EXERCISE REQUIREMENTS: Each line in the records below, from the one that contains "Black t-shirt with" to the one that contains "CFS1950 Colorado License Plate", should be reproduced exactly, the first and last included.

INFORMATION SUPPLIED:
Segment Open
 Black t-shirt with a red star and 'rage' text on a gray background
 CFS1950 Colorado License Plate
Segment Closed
Segment Open
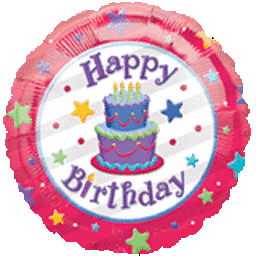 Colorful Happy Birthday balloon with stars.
Segment Closed
REPLY:
 Black t-shirt with a red star and 'rage' text on a gray background
 CFS1950 Colorado License Plate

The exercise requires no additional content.